[Captioned web images]

%%

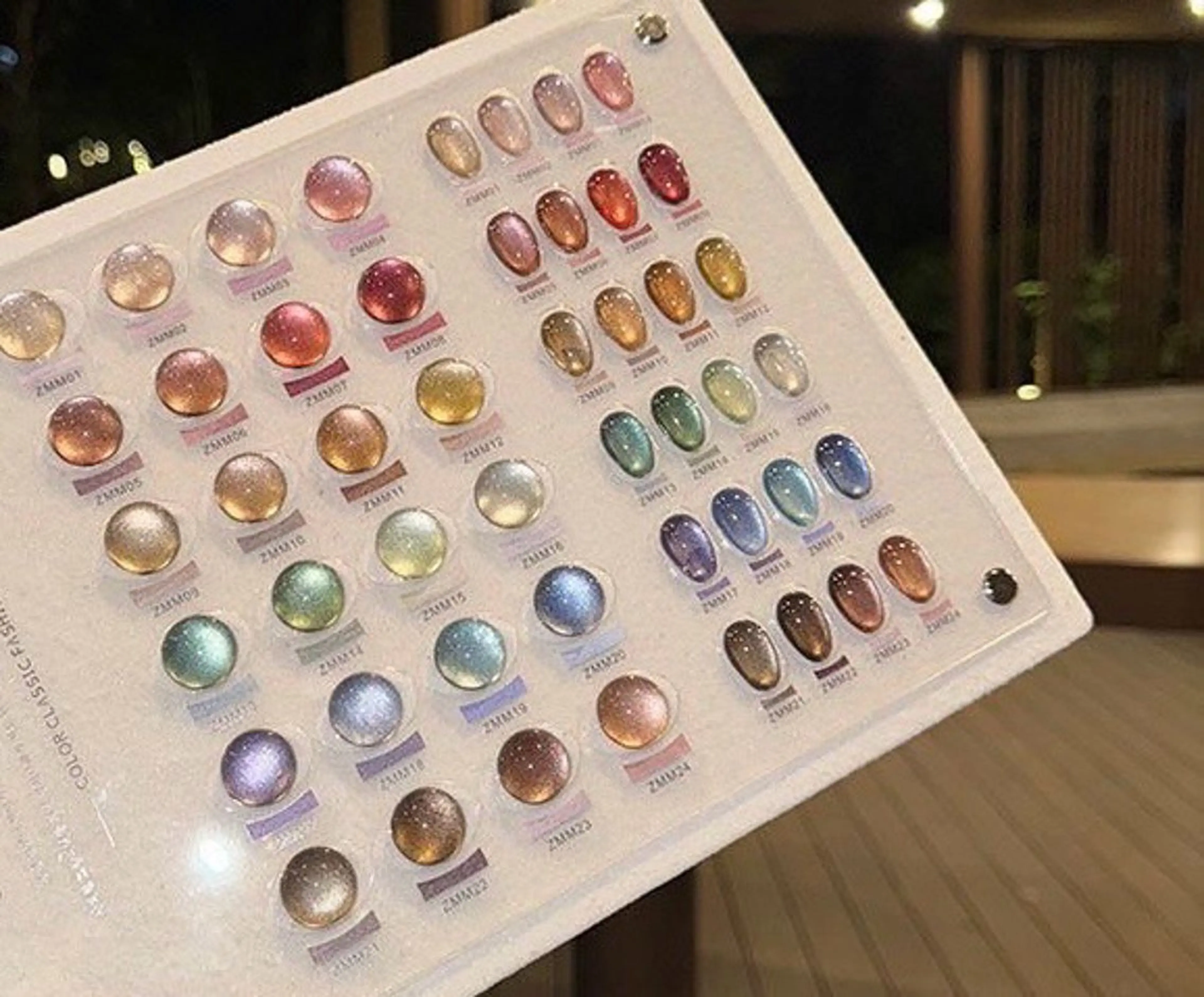 ネイル ジェルネイル マグネットネイル ビー玉ネイル MOMO nail所属・NIITSU 川崎のネイルデザイン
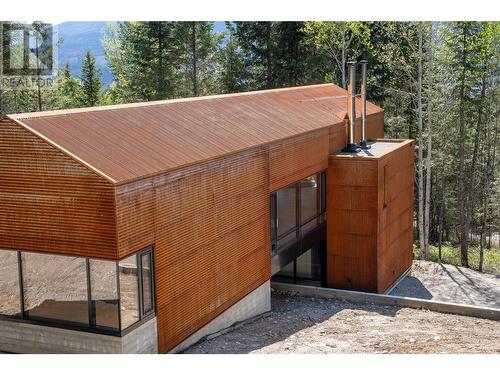2060 Mcmurdo Road, Golden, BC - Outdoor With Exterior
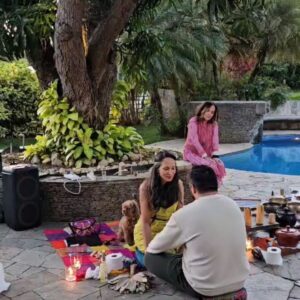Ileanna Simancas Instagram - [SOSTENER]

No siempre se facilita. Se sostiene el espacio y es distinta la intención. Eres contención para los participantes, esto permite y sirve de medio para que el  facilitador haga su trabajo y mantener la coherencia con el resto del grupo. 

Es recibir al participante y acompañar su proceso, mientras chequeas su ritmo, cómo va sintiendo hasta llevarlo a través de su respiración, atender su mundo emocional hasta llevarlo a un lugar seguro.

No soy de rituales shamánicos, sí de lo sagrado de los círculos y el poder de la respiración y conexión espiritual con el alma.Sin embargo, @ileannasim es mi Amiga de infancia y claro que acepté estar con ella. 

Hace unos años Ile y yo nos conectamos para una sesión de NO COACHING para conversar sobre lo que para Ella le llamaba la atención y deseaba trabajar: "que quiénes viajaban con Ella y la seguían terminaran llamándola maestra." En aquel entonces le incomodaba, hoy día lo lleva amosoramente y con liviandad. ¡La celebro por abrazar su verdad! 

La maestría de cada UNO es nuestra propia sabiduría y experiencia de vida puesta en nuestro hacer. Qué  belleza ver cómo pasados los años reconozco a Ile, como una gran guía y Mujer granDIOSA, por su preparación y comodidad entregando lo que ha trabajado en sí misma y lo que tiene para dar.

Fue una ceremonia hermosa, fui testigo de transformación que viaja lento y profundo. Gracias por invitarme a tu comunidad que ya no sabe de fronteras, guardiana del cacao.

Me llevo la sesión de Breahthing para mi VIDA, la presencia aútil de @gracemaria.va y los espacios mágicos de @casawaku

Namasté amiga bella... Seguimos en comunidad.

#Ceremonia #Shanik #CírculoDePoder #LunaLlena #Espiritualidad #MujerPortal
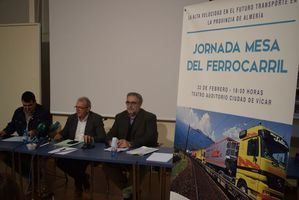 La Alta Velocidad en el futuro transporte del ferrocarril a debate en Vícar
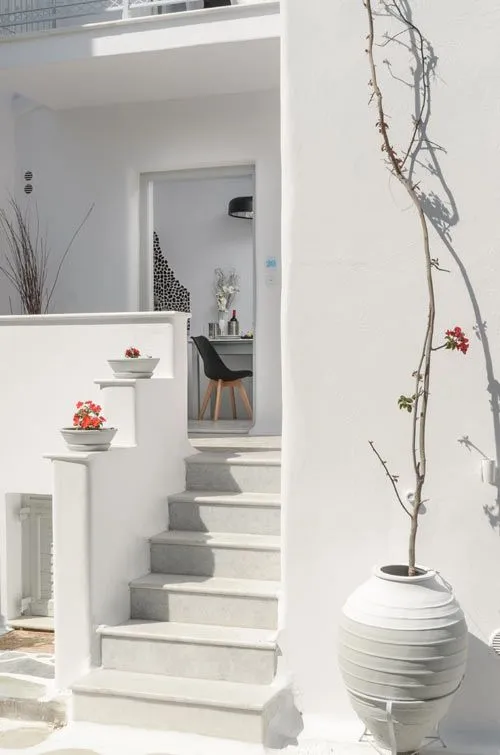 Naxos Evilion Luxury Apartments and Suites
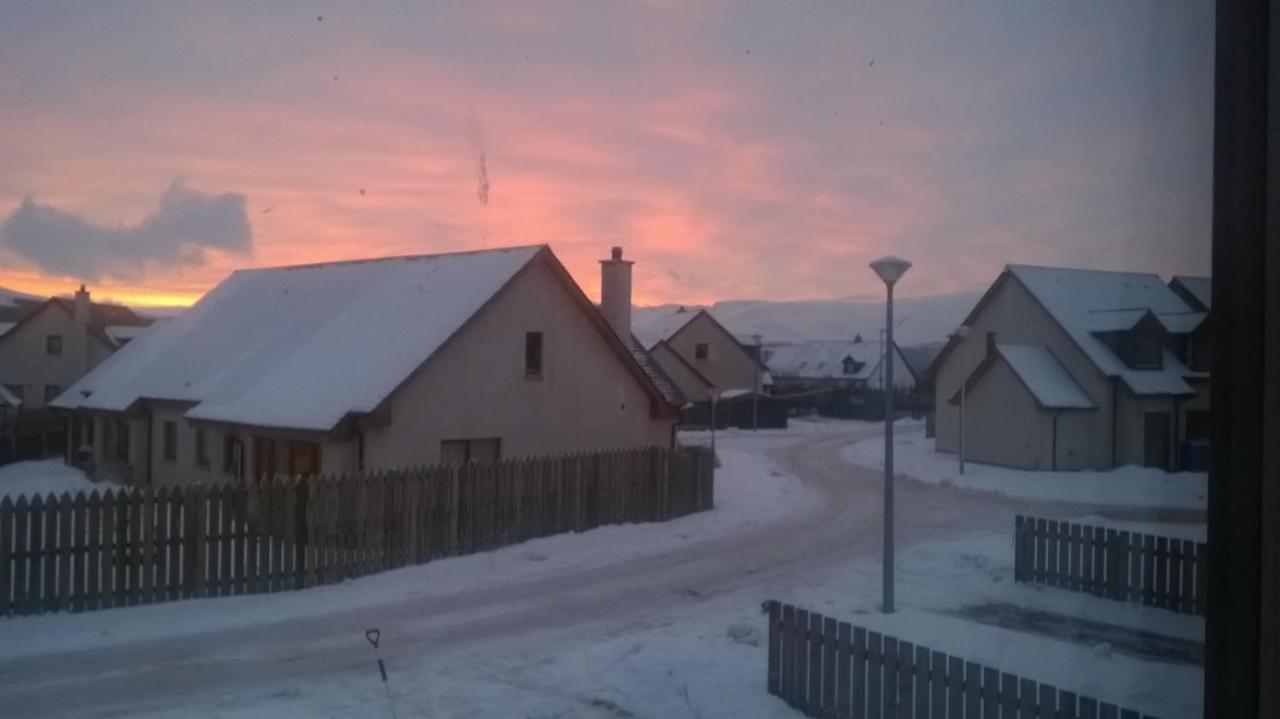 Holiday House Kinveachy Авимор Екстериор снимка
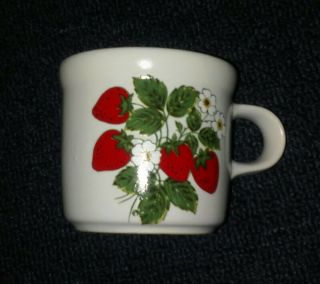Mccoy Strawberry Country Tea Cups Coffee Mugs 286 Usa Pottery Short Vintage
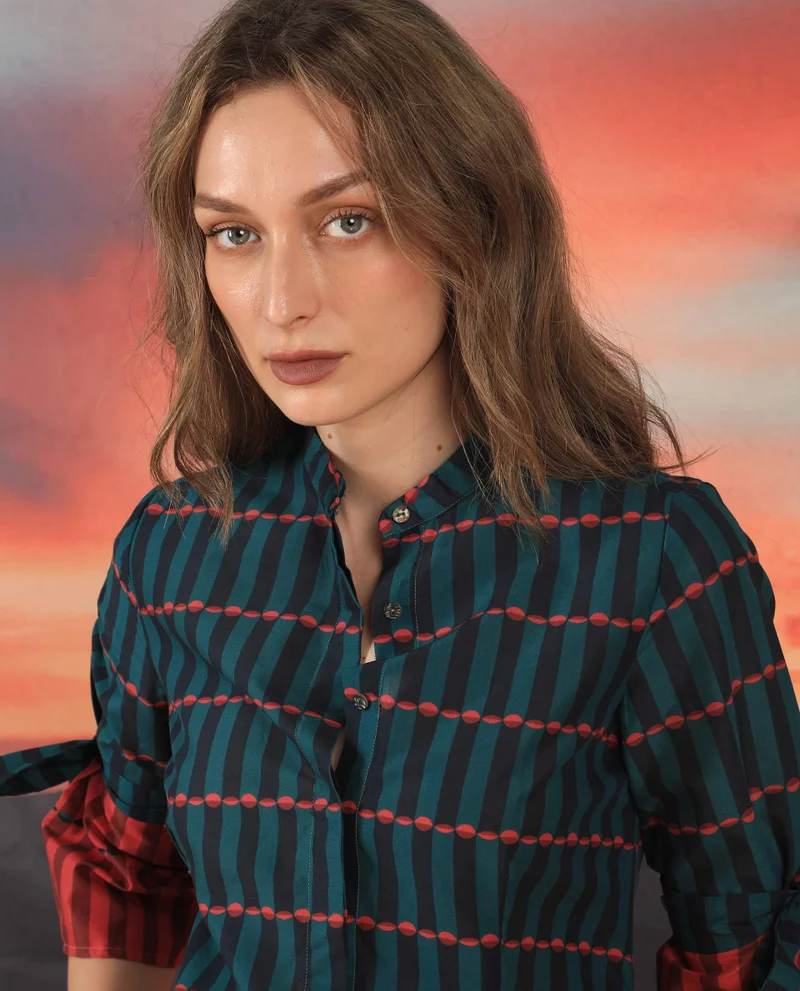 Rareism Women's Geometric Print Contemporary Shirt With Band Collar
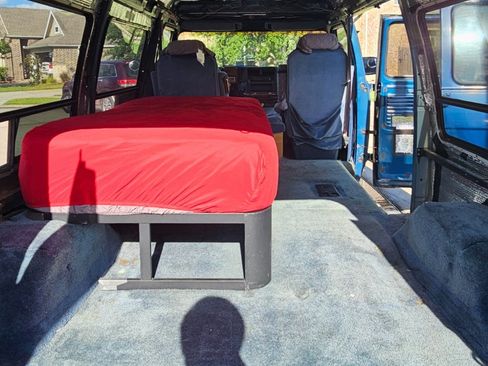 Used 1992 GMC G2500 Vandura image 2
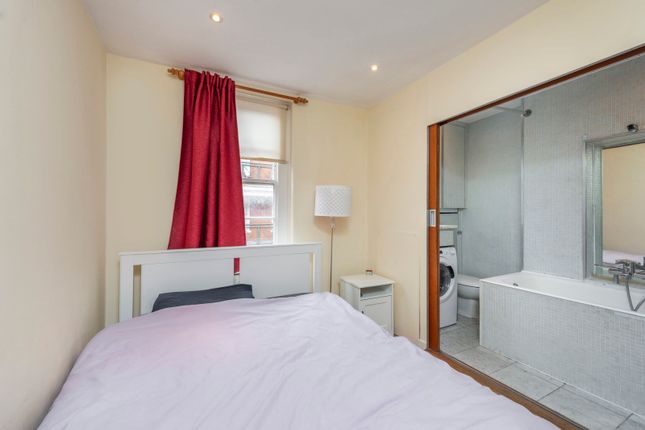 Flat for sale in Beaumont Buildings, Martlett Court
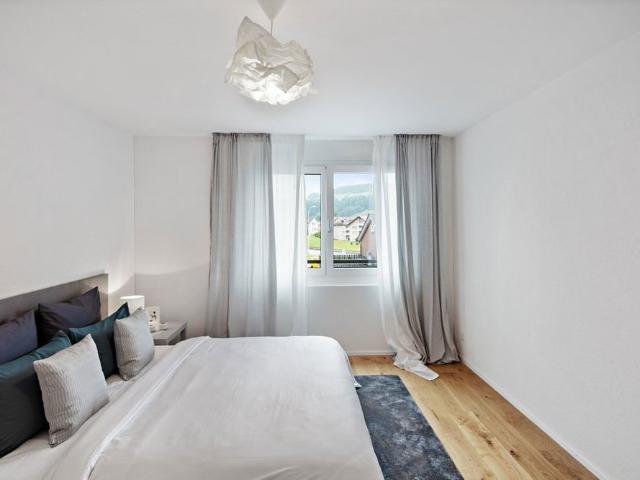 3.5 Zimmer, 87 m², EG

%%

Exclude all pictures and reproduce verbatim the lines running from the line that contains "La Alta Velocidad" to the end of the data above, both ends included.

 La Alta Velocidad en el futuro transporte del ferrocarril a debate en Vícar
 Naxos Evilion Luxury Apartments and Suites
 Holiday House Kinveachy Авимор Екстериор снимка
Mccoy Strawberry Country Tea Cups Coffee Mugs 286 Usa Pottery Short Vintage
 Rareism Women's Geometric Print Contemporary Shirt With Band Collar
 Used 1992 GMC G2500 Vandura image 2
 Flat for sale in Beaumont Buildings, Martlett Court
 3.5 Zimmer, 87 m², EG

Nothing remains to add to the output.